* TRY IT:
Where a line of the entries holds the string "Jeep", copy that line.

[EXCERPTED DATA Boundary: Start]

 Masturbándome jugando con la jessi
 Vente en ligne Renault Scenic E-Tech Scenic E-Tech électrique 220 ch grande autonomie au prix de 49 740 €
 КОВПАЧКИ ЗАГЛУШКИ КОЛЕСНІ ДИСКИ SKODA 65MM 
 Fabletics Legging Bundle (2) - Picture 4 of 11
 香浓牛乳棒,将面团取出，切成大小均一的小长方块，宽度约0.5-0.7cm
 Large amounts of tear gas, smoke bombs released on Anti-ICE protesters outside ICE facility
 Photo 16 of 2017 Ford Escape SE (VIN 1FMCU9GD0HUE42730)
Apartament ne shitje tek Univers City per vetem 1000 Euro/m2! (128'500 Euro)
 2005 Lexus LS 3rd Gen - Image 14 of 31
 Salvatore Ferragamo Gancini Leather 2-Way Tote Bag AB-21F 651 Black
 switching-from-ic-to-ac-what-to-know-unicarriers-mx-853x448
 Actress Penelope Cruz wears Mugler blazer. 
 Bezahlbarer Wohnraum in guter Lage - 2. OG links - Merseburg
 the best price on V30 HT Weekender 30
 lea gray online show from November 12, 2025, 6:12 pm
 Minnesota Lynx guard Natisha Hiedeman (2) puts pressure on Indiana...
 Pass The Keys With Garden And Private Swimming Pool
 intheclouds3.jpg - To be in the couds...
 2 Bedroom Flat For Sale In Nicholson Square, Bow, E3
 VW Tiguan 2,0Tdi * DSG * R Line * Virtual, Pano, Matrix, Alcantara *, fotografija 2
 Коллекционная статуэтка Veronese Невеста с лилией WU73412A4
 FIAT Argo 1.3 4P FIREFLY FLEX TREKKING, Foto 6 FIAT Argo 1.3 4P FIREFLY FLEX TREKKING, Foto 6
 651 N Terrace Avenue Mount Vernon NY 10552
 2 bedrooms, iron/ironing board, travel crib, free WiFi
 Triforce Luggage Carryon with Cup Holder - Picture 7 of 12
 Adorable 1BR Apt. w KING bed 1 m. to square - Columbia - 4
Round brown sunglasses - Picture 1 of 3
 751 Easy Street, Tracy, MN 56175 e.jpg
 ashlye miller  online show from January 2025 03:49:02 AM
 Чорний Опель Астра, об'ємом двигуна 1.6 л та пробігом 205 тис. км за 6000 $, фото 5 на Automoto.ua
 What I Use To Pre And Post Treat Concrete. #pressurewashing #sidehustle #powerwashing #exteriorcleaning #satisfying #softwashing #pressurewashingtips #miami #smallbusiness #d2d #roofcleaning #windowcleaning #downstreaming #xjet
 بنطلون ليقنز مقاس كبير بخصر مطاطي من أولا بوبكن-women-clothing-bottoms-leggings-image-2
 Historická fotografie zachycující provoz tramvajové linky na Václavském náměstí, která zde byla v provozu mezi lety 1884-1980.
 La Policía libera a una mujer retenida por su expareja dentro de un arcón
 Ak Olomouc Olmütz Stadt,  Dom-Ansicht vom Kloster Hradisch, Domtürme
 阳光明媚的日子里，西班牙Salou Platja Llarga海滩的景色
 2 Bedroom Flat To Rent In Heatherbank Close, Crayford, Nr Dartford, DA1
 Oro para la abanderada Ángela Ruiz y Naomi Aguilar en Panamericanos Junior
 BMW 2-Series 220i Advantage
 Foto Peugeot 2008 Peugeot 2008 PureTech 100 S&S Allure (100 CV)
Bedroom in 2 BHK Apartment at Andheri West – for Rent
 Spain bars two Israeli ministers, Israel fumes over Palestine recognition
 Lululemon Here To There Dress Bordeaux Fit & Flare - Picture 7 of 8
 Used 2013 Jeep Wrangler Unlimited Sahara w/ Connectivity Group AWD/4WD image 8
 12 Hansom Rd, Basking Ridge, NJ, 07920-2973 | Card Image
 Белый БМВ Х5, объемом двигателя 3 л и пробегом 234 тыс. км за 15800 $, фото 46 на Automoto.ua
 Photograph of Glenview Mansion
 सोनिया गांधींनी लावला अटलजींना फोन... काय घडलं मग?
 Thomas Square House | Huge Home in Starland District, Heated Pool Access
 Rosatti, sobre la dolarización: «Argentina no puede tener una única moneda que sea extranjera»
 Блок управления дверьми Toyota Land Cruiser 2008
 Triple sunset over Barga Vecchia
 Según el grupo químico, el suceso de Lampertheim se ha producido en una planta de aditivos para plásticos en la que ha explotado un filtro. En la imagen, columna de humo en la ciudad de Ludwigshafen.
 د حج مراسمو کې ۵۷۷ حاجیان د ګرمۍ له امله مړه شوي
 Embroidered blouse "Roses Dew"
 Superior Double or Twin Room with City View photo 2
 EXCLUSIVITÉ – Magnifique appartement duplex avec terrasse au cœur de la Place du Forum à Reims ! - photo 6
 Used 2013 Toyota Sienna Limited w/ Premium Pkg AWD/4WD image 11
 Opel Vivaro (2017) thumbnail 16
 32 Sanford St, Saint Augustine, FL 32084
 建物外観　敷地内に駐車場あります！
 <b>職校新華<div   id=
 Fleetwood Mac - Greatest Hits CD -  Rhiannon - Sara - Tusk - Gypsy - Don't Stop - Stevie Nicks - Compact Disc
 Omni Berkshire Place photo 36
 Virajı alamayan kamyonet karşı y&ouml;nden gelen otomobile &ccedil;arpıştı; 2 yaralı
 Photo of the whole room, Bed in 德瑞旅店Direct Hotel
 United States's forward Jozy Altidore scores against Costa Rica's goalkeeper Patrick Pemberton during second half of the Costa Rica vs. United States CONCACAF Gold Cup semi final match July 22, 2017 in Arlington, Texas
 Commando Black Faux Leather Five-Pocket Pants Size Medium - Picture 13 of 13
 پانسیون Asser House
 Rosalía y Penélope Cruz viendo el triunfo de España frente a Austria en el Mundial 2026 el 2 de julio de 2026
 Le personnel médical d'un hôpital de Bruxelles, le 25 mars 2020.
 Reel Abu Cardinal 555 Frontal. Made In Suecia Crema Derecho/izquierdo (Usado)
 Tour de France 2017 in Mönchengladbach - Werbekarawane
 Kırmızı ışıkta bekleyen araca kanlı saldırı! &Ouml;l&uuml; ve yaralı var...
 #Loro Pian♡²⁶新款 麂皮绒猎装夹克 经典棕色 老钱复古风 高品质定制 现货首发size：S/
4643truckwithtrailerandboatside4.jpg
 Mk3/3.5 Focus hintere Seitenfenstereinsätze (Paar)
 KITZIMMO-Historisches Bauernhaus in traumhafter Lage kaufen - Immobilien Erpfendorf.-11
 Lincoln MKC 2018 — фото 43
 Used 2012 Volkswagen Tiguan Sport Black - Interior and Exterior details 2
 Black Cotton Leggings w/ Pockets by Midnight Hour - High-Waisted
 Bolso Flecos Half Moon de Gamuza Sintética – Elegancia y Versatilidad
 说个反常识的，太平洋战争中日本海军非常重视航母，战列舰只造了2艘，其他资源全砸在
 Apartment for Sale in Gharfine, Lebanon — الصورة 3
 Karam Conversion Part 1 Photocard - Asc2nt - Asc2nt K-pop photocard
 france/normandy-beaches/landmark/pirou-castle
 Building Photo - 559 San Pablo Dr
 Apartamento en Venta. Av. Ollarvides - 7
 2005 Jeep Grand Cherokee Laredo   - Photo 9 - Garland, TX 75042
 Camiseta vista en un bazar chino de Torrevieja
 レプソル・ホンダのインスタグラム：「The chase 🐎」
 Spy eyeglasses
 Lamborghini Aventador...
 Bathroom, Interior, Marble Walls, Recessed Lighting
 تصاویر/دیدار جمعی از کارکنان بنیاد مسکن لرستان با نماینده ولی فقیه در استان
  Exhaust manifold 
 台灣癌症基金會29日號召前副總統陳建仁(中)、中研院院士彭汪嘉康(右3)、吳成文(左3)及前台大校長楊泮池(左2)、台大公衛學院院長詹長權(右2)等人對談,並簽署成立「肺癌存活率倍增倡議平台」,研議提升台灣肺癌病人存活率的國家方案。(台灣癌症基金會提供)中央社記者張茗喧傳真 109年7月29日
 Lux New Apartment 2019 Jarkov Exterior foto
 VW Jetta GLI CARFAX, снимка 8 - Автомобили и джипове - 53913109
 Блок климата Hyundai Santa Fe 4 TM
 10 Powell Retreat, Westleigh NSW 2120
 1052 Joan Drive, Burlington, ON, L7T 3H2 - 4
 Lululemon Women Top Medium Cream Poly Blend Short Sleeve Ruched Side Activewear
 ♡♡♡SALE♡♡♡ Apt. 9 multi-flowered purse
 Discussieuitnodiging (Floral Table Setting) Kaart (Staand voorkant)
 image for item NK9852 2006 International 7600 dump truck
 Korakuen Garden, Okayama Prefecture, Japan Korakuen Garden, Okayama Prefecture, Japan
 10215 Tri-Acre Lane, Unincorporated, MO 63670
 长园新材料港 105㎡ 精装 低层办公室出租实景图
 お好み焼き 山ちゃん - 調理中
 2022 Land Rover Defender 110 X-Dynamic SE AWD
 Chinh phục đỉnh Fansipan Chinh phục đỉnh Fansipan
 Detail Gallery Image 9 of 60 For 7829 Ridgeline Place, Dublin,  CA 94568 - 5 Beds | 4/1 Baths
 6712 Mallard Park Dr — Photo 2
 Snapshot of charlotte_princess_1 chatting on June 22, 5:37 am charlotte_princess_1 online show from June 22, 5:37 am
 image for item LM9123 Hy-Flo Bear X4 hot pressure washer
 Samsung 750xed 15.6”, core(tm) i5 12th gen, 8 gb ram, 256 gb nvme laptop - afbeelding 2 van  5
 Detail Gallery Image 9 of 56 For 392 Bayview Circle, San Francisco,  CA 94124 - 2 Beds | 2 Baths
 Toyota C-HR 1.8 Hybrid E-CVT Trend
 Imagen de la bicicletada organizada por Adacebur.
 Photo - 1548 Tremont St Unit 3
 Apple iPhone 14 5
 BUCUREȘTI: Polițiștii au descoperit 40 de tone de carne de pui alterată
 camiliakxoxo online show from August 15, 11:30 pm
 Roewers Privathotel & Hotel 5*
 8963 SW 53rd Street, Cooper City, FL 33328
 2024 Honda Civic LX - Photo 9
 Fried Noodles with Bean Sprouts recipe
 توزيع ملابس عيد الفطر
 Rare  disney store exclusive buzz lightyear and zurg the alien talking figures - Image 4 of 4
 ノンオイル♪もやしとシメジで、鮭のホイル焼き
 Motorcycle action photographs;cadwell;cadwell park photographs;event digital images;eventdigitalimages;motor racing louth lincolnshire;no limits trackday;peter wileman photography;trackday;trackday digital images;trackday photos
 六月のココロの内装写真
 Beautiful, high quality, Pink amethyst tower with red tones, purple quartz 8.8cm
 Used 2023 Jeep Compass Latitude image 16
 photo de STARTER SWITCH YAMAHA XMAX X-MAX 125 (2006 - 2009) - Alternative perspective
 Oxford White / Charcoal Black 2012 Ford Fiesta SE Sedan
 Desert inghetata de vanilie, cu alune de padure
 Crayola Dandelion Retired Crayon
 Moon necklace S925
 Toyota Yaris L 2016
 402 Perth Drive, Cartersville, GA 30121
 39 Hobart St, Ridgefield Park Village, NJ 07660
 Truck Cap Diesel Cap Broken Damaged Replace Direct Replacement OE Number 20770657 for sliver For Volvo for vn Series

[EXCERPTED DATA Boundary: End]

* REPLY:
 Used 2013 Jeep Wrangler Unlimited Sahara w/ Connectivity Group AWD/4WD image 8
 2005 Jeep Grand Cherokee Laredo   - Photo 9 - Garland, TX 75042
 Used 2023 Jeep Compass Latitude image 16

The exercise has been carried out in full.